Tommy Igoe's Great Hands For A Lifetime
- Matched and Traditional Grip
- Fulcrum Concepts
- Rebound Strokes
- Single/Double-Stroke Check Patterns
- The Five Families of Rudiments
- Group Exercise Routines
- Lifetime Warmup™ Elements Explained
- Three Levels of Lifetime Warmup™ Demoed with Group
- MP3s for on-the-go practicing
- 57-page eBook with extra practice material
- An interview with Sonny Igoe (creator of The Lifetime Warmup!)
This guy only focuses on concepts that will translate well over to the drumset. He stresses that even though its great to try different musical activities like drum corps, one must be sure to not stay involved with it for too long.
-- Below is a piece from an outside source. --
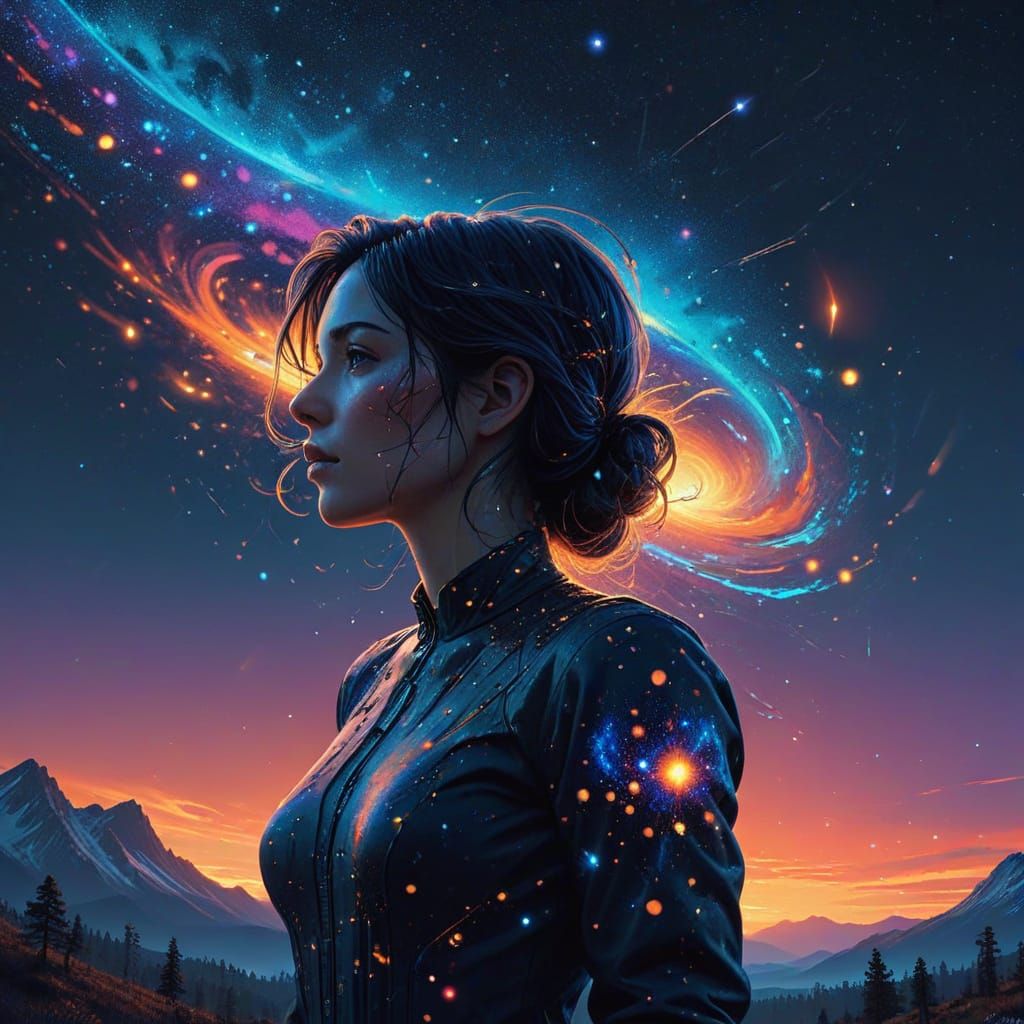 Stardust Goddess Silhouette in Cosmic Night Sky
Simply, take the best of all the different types of music you have played and blend it into the most practical set of skills that you can apply to actual musical jobs that drummers get hired to do. There are no secrets kept when dealing with Igoe. He tells you EXACTLY what you need to focus on in order to become successful in the world of music.
Tommy Igoe explains throughly how to hold the stick, for each hand (match, traditional , French), goes over each step slowly for a while, so that the viewer can get the hang of it, then moves on to the next step. He takes his time to make sure you get it (the camera close ups really help too). Then he does the one thing that actually makes anybody practice.
He sits in a half circle with several of his students, and they all practice, building up speed. Because of this, the actual practice of all that he teaches is easy, not boring.
This DVD is long. It will take weeks to months (if you actually play along) to complete it. That's the whole point. Unless you're an advanced drummer to begin with, it will take some time to feel comfortable (let alone "master") each individual element. But as you do, you have one more piece of the puzzle that will ultimately become the complete version of the full lifetime exercise.
This is not a guy who believes in drills just for drill-sake. You need only listen to this man play. The guy is an incredible player. Considering the incredible talent out there (Weckl, Gadd, Smith etc etc etc), that's saying a lot. He plays with speed, power, finesse, but always as a master musician. He couldn't have accomplished that being just a slave to drills.